La mayoría de los chilenos se olvidó del krill, un pequeño crustáceo, base fundamental de la cadena alimenticia en aguas antárticas, y que vivió en Chile su época de auge a mediados de los ‘70, cuando incluso se proyectaba como un producto estrella local.
Mide entre 4 y 6 centímetros, tiene 80% de agua, pesa 4 gramos y es altamente perecible, por lo que debe procesarse en los mismos barcos que lo capturan. En los ‘70 los empresarios marítimos chilenos no estuvieron dispuestos a invertir en ellos.
Hoy rusos, polacos y japoneses han tomado la delantera en la pesca de krill y por eso no resulta tan extraño encontrarlo en las góndolas de algunos supermercados en productos para consumo humano. En precio, los 200 gramos de carne congelada alcanzan los 2.500 pesos.
Entre sus bondades se cuenta el fortalecimiento del sistema cardiovascular, contiene calcio, flúor y otras tantas vitaminas y minerales, pero su fuerte está en las proteínas. 100 gramos de krill equivalen al requerimiento proteico de 5 personas al día.

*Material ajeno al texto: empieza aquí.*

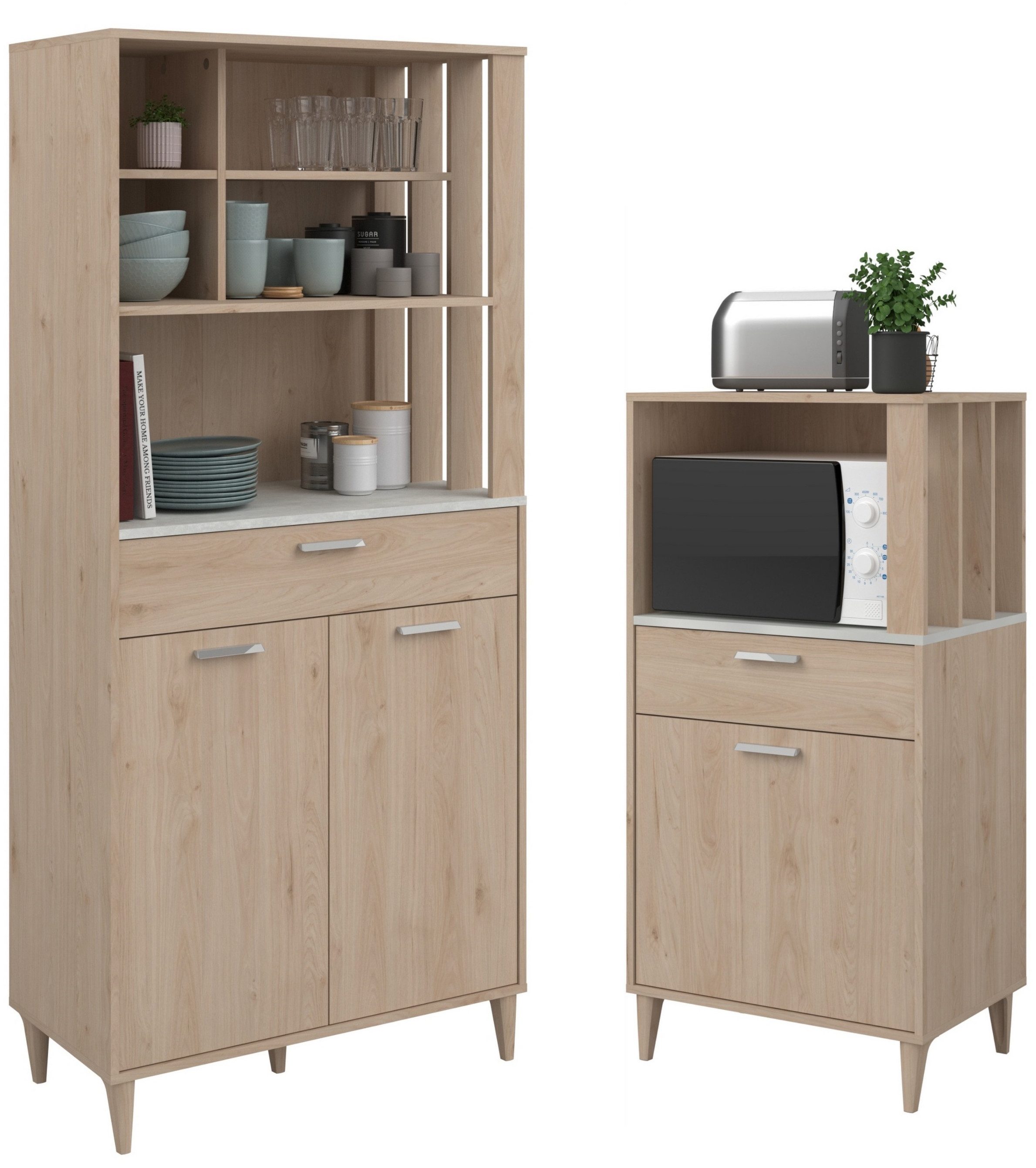 Parisot Kastenset Gala 1 decoratieve claustra aan de zijkanten van de bovenste vakken (set, 2 stuks)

En sabor es similar al camarón y al langostino, y en Asia es donde más se consume y no sólo en comida, sino que también en la industria nutracéutica por sus variadas propiedades.
Es el principal alimento de ballenas y otras especies antárticas. Por eso su pesca excesiva puede provocar un serio problema, y aunque el krill es un recurso abundante, el aumento de su explotación en 5 veces ha encendido las alarmas ambientales. Además, los hielos han disminuido por el cambio climático lo que ha afectado su reproducción.
Sólo el tiempo dirá si esta nueva promesa de explotación del krill se cumple, y si nos beneficiará sin perjudicar al frágil ecosistema antártico.